Monday, October 11, 2021

Space Travel is a Look

Having fled the blackout that left our city dark in the wake of Hurricane Ida, we found ourselves in a Courtside Marriott near the Memphis airport. The pandemic had made this hotel a shell of itself: a shuttered restaurant, whining AC units, ice machines broken, and minimal amenities. 

As I sat in our room after the long drive, sipping a lukewarm beer from the motley cooler stuffed with items we had salvaged from our fridge back home, I found myself staring at the decor behind the vaguely modern headboards of the beds. It was an intentionally pixelated rendering of pine branches, unfurling across the entire wall. It was made to look, well, like a look. Every two minutes or so, the muffled roar of widebody FedEx cargo jets on liftoff nearby whispered commerce. It was an unsettling feeling: the sheen of design applied to the gritty, worn out landscape of global logistics and disposable culture.

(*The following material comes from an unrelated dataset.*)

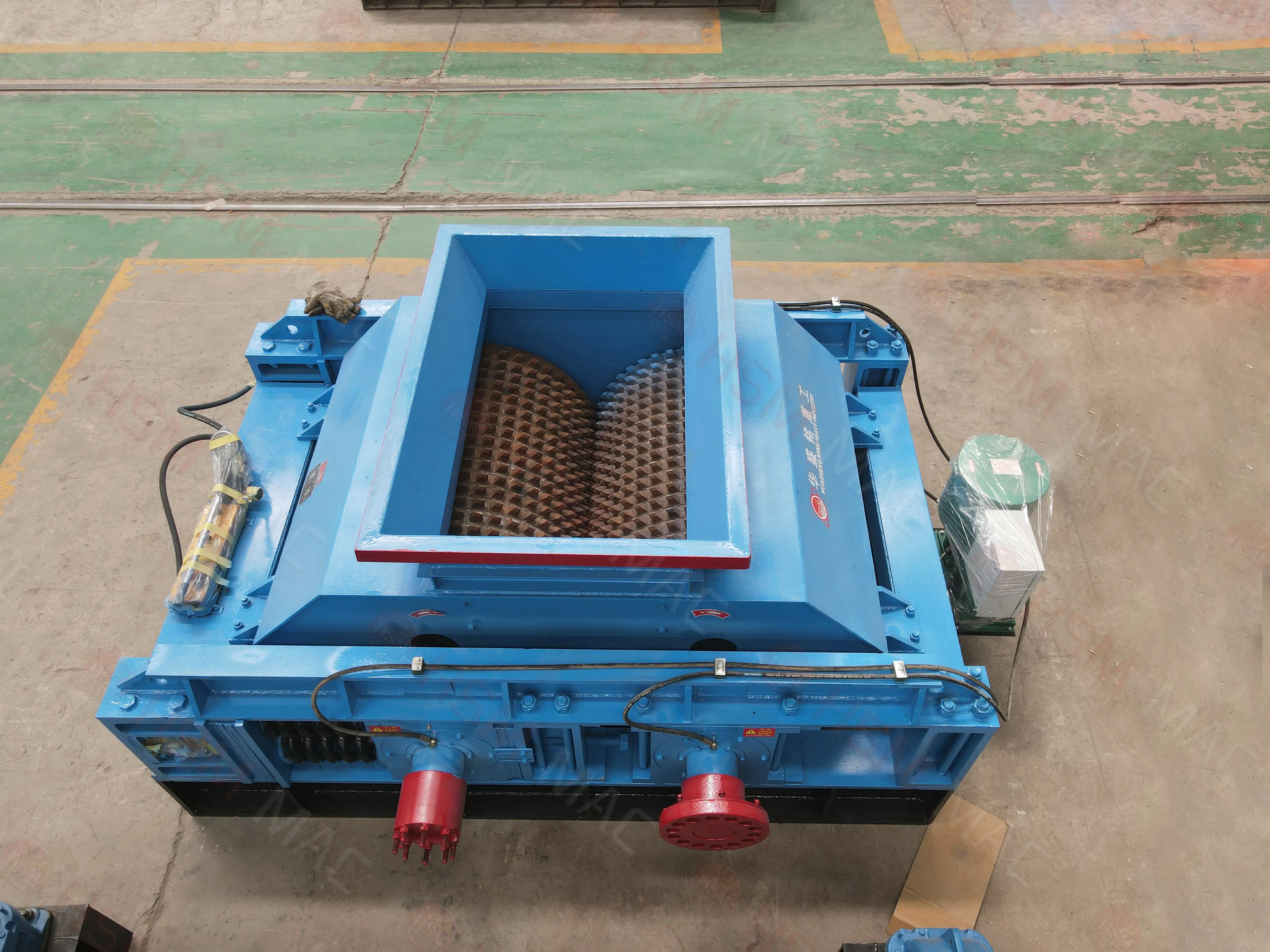 齒輥機是對以齒輥為核心工作部件的破碎設(shè)備的統(tǒng)稱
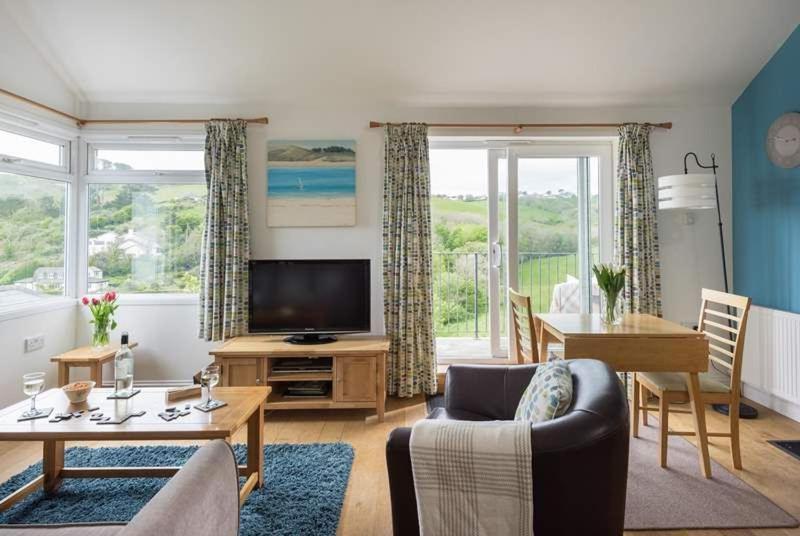 Cosy Beachfront Retreat With Stunning Sea Views & Free Access To A Local Indoor Pool Talland Exterior photo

Unsettling, if also utterly mundane.

In a recent Atlantic article Marina Koren hinted at something similar when she described the sleek if rather generic design details of the SpaceX Dragon capsule. Elon Musk's products are known for their streamlined aesthetics (even if that sometimes ends up making them more boring). As space travel becomes a highly rarefied commercial enterprise, its optics are shifting. It’s still a spectacle, but is turning into a different kind of aesthetic attractor. It's like how AirBnB advertises their more desirable, elite short-term rentals: not just as temporary places to crash, but as architectural novelties to bask in. Space, too, is getting repackaged as more than science, technology, engineering, and math—it has to be experienced as art, too.

Koren listed the Inspiration4 crew of passengers beginning with “Sian Proctor, a geoscience professor and artist.” Why is Proctor’s status as an artist important here? Is it to promote her progressive, positive messaging space prints? Perhaps. But I think there’s something more going on here: space travel itself is becoming a look, a professional affect. A fashion statement—that artsy look.

Except it's really not fashion forward. It's a throwback look, a callout to earlier times. Like the Dream Chaser (the Matchbox toy of which is above), a chubby echo of the Space Shuttle—if we're chasing a dream, it's one we had several decades ago. A fever dream, one we can't shake. I wrote about this dynamic for Popula.